::: DATA FOR PROCESSING
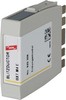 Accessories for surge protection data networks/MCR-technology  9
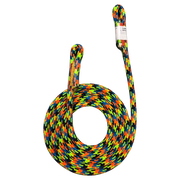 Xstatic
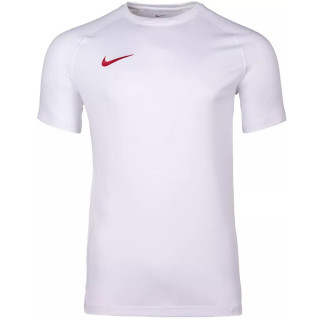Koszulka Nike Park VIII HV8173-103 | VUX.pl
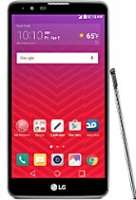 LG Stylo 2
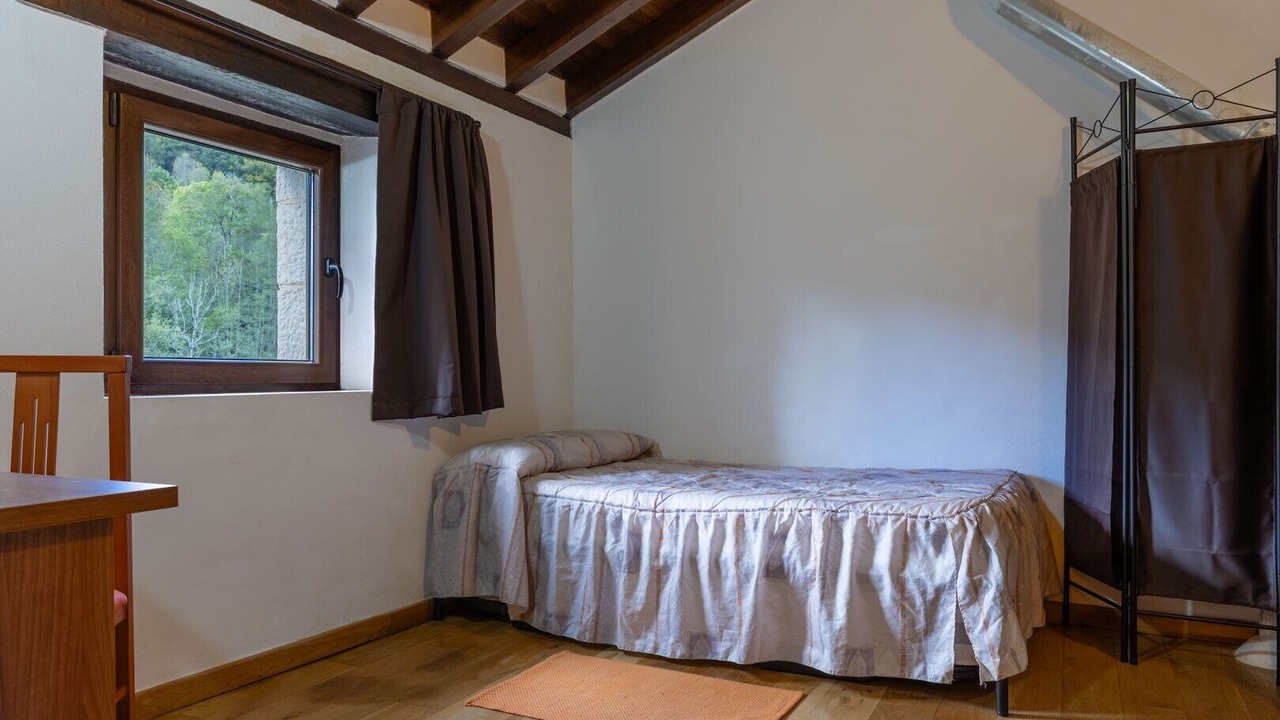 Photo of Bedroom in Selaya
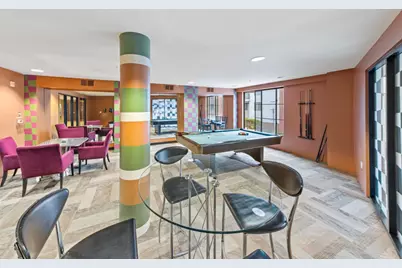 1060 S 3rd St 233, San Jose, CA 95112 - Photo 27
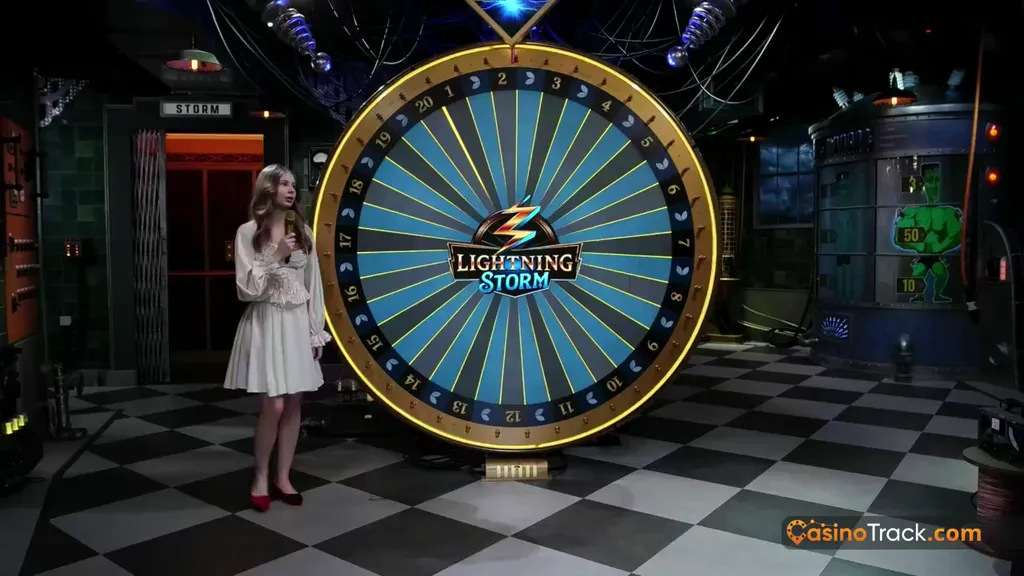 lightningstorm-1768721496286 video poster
::::::
> [PROBLEM DETAILS] Without the pictures, repeat every record above exactly as written.

> [RESPONSE TO THIS TASK]
 Accessories for surge protection data networks/MCR-technology  9
 Xstatic
Koszulka Nike Park VIII HV8173-103 | VUX.pl
 LG Stylo 2
 Photo of Bedroom in Selaya
 1060 S 3rd St 233, San Jose, CA 95112 - Photo 27
 lightningstorm-1768721496286 video poster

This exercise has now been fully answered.